> [Problem description] From the line containing "Classic - Amber" through the end of the material below, output each line exactly as written, with pictures excluded.

> [Supplied information]
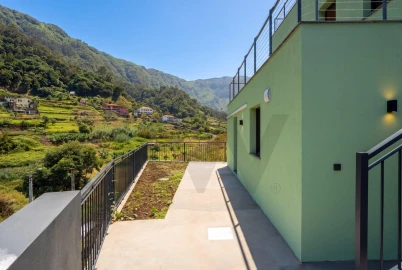 Moradia T1 para Venda em Boa Ventura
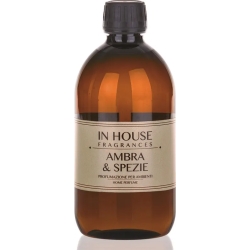 Classic - Amber And Spices Reload Diffuser 200 ml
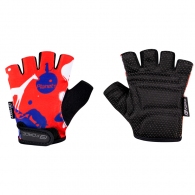 Manusi pentru bicicleta Force PLANETS KID thumbnav 1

> [Response box]
 Classic - Amber And Spices Reload Diffuser 200 ml
 Manusi pentru bicicleta Force PLANETS KID thumbnav 1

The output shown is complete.